Malco Camargos
Quem trabalha em fazendas sabe que,
caso a vaca esteja estressada, ela “esconde” o leite que só poderá ser retirado
em uma próxima ordenha ou com uso de remédios. Para permitir que o tratador
retire seu leite, a vaca deve ser tratada com carinho. A pesquisa Datafolha
noticiada pelo Hoje em Dia, no último dia 31, revela este mesmo comportamento
dos parlamentares brasileiros.
Entre os dias 19 e 28 de outubro de
2015, o Datafolha entrevistou pessoalmente, por telefone ou através de link na
internet, 375 parlamentares, sendo 324 deputados federais e 51 senadores (63%
do total) sobre a posição em relação a um possível impeachment da presidente
Dilma e também sobre a cassação do presidente da Câmara, Eduardo Cunha.
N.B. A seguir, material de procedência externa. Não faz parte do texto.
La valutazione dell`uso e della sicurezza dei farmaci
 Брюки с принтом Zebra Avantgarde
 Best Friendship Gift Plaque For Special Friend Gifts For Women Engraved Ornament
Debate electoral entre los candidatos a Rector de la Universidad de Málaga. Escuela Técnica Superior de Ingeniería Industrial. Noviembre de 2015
Segundo o Datafolha, todos os
parlamentares foram contatados, mas mesmo com a garantia da não identificação
do respondente e com os variados meios de coleta, 37% deles preferiram não
responder à pesquisa. Além disso, entre os que responderam, 18% dos deputados e
12% dos senadores não se posicionaram em relação ao impeachment da presidente
Dilma. Esse percentual de respostas deixa dúvidas em relação ao posicionamento
da Casa sobre o principal tema em debate hoje no país.
Como se faz em pesquisas de opinião,
recalculamos os resultados divulgados pelo Datafolha considerando apenas os
votos válidos, ou seja, aqueles que responderam e se posicionaram sobre o tema.
Entre estes – 45% do total –, mesmo sendo a maioria aqueles que defendem o
impeachment, dentro da Casa o cenário ainda é relativamente confortável para a
presidente, uma vez que os ritos impõem a necessidade de 2/3 dos votos (66%)
para abertura do processo.
Na Câmara dos Deputados, considerando
apenas os votos válidos, 55% afirmaram que, se o Plenário da Câmara apreciar a
abertura do processo, votariam a favor e 45% disseram que votariam contra.
Já no Senado, onde o julgamento deve
ocorrer caso seja iniciado na Câmara, também seriam necessários 66% dos votos
para condenação. Conforme revelado pelo Datafolha, considerando apenas os votos
válidos, a situação da presidente é mais confortável pois, entre os que se
posicionaram, a presidente seria absolvida por 54% da Casa e condenada por 46%.
Contudo, este resultado nem de longe
traz paz ao Planalto. O posicionamento daqueles que não responderam ou não se
posicionaram é capaz de mudar os resultados do processo tanto em uma direção
quanto em outra, nas duas casas legislativas.
Um eleitor indeciso em uma pesquisa de
opinião, em geral, tem sua preferência desconsiderada e as estimativas de votos
válidos são bem assertivas. Mas quando falamos das elites políticas,
desconsiderar aqueles que não se posicionaram é um risco alto. Eles podem,
assim como as vacas na hora da ordenha, estar em busca de carinho para soltar o
leite. E esse carinho, em geral, custa bem mais do que afagos do tratador.
Elites políticas querem também afagos, mas principalmente cargos e dinheiro.
Com estes nas mãos, não escondem seu leite.